# help



## bdyboarder86 (Apr 25, 2013)

so i have been looking for remington .30 and i actually found some online and buddy it isnt cheap. so i ordered a couple of boxes. the question i have is who around here reloads that you guys would trust? i would reload but buying the equipment isnt worth it since i really havent ever hunted


----------



## JD7.62 (Feb 13, 2008)

I thinki youre going to have a hard time finding some one to reload for you. Well, for much cheaper then factory loaded stuff anyhow. 
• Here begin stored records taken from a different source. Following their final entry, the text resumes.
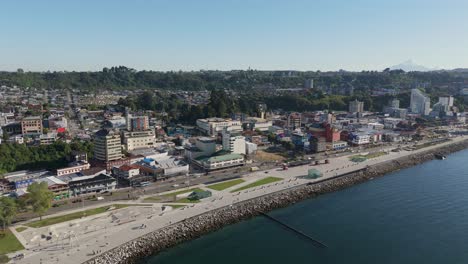 drone capturing the coastal cityscape of puerto montt, showcasing the diego portales waterfront, buildings, and green hills, in los lagos region, chile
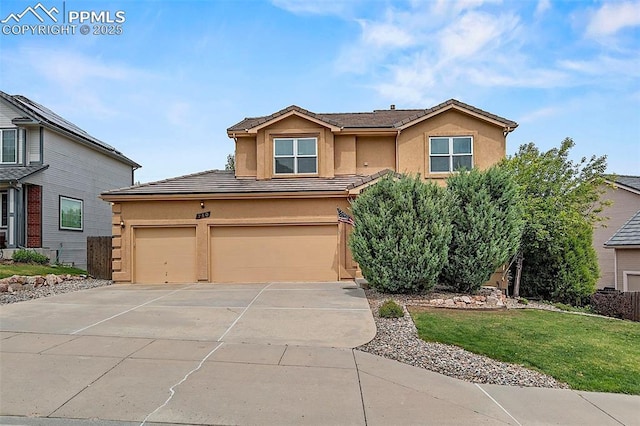 view of front of property with stucco siding, driveway, a front lawn, and a garage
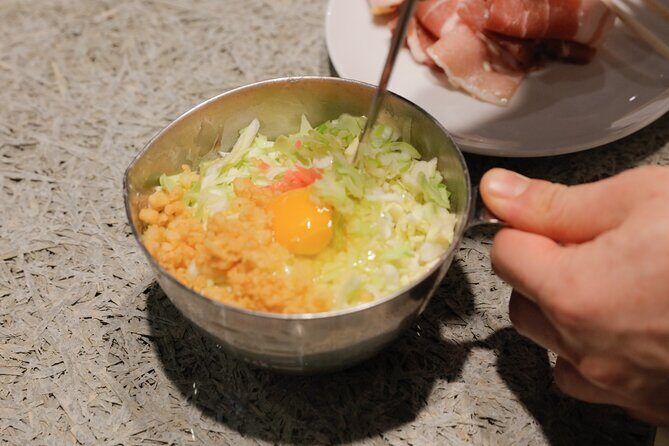 Okonomiyaki making experience~Japanese popular food - Meat vs Seafood: Choosing Your Okonomiyaki Style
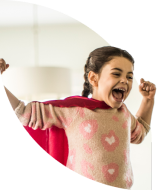 Little girl dressed up in a superhero cape with arms outstretched, laughing happily.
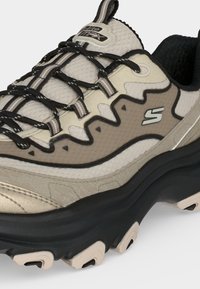 Baskets Skechers beige et noires avec semelle noire épaisse, lacets noirs et beiges, et tige en tissu mesh avec logo de la marque sur le côté.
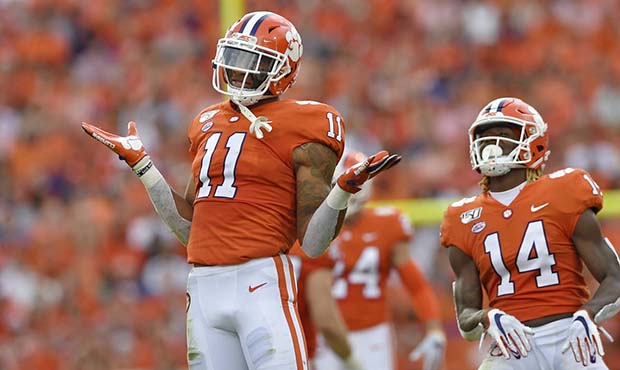 Clemson's Isaiah Simmons (11) and Denzel Johnson react after making a defensive play during the fir...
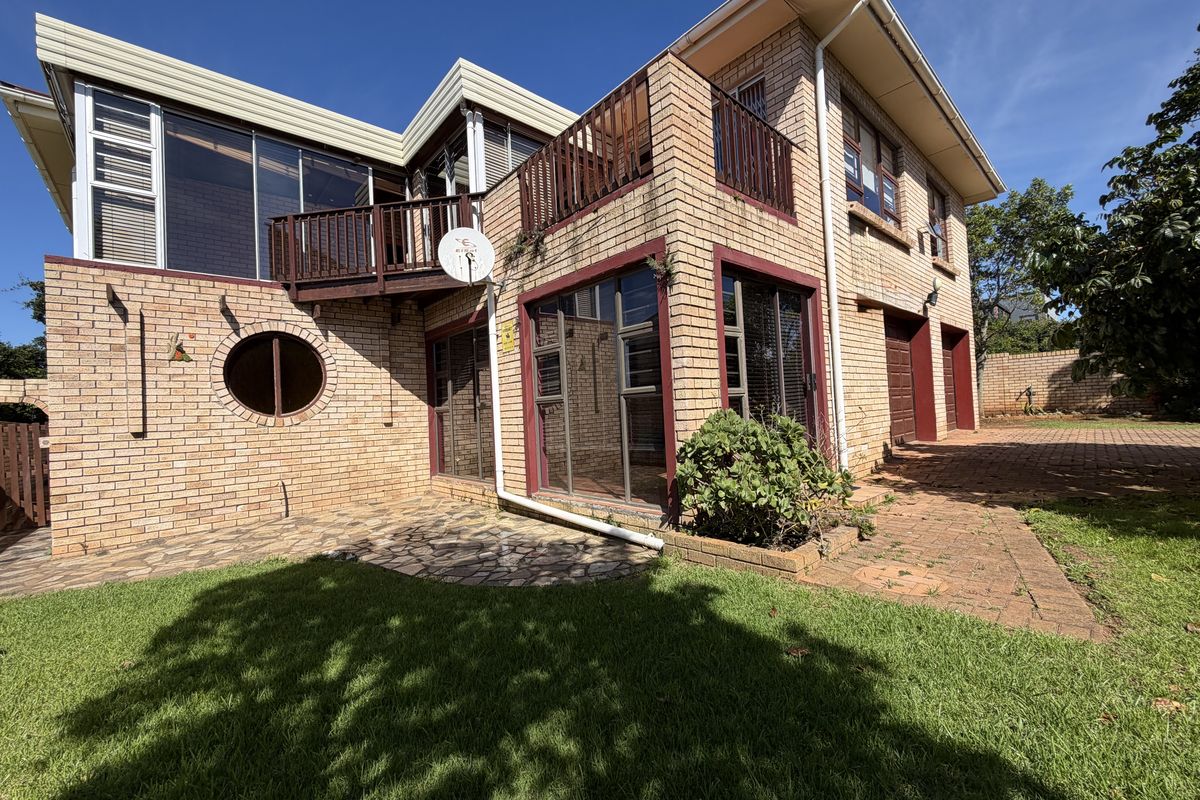 Rear view of a multi-story brick house featuring a balcony, paved patio area, and integrated garage access.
Besides, for liability reasons, many reloaders dont just reload for others all willly nilly like.


----------



## Katartizo (Dec 10, 2013)

bdyboarder86 said:


> so i have been looking for remington .30 and i actually found some online and buddy it isnt cheap. so i ordered a couple of boxes. the question i have is who around here reloads that you guys would trust? i would reload but buying the equipment isnt worth it since i really havent ever hunted


I used my Henry 30-30 as trade to get my kayak last week. I have three boxes of Remington Core-Lokt 170gr. (Win)
I also have two boxes of Georgia Arms 30-30 Winchester 150gr jacketed soft point. These are not reloads.
I live in Pace. I will let you have all 5 boxes for 75.00.


----------



## Katartizo (Dec 10, 2013)

Just found another partial box.


----------



## JD7.62 (Feb 13, 2008)

30-30 is NOT the same as .30 Remington.


----------



## Katartizo (Dec 10, 2013)

JD7.62 said:


> 30-30 is NOT the same as .30 Remington.


Sorry, I read it wrong.


----------



## bdyboarder86 (Apr 25, 2013)

i would definitely buy your ammo if it worked. the reason i was trying to find someone to reload is bc im pretty sure they can be reloaded for less than $2.00 a round which is what i paid for them minus shipping


----------



## Katartizo (Dec 10, 2013)

bdyboarder86 said:


> i would definitely buy your ammo if it worked. the reason i was trying to find someone to reload is bc im pretty sure they can be reloaded for less than $2.00 a round which is what i paid for them minus shipping


I have two friends that do reloads. I will check with them to see if either is set up for that caliber.


----------



## bdyboarder86 (Apr 25, 2013)

Katartizo I would appreciate it. Everything that I have read says it reloads exactly like a 30-30


----------



## Firefishvideo (Jul 1, 2010)

http://www.amazon.com/Lee-Reloading-Press-Md-90045/dp/B002SF4X5I/ref=sr_1_1?ie=UTF8&qid=1386906442&sr=8-1&keywords=lee+reloader
For about $75 you could be set up to reload yourself. I press 7mm mag with this press....it's slow but plenty good for one at a time reloading.
The powder, primers, and bullets will cost you the same if you load or someone else loads.
If you are going to keep and use the rifle....you might want to secure the ability to produce ammo for it.


----------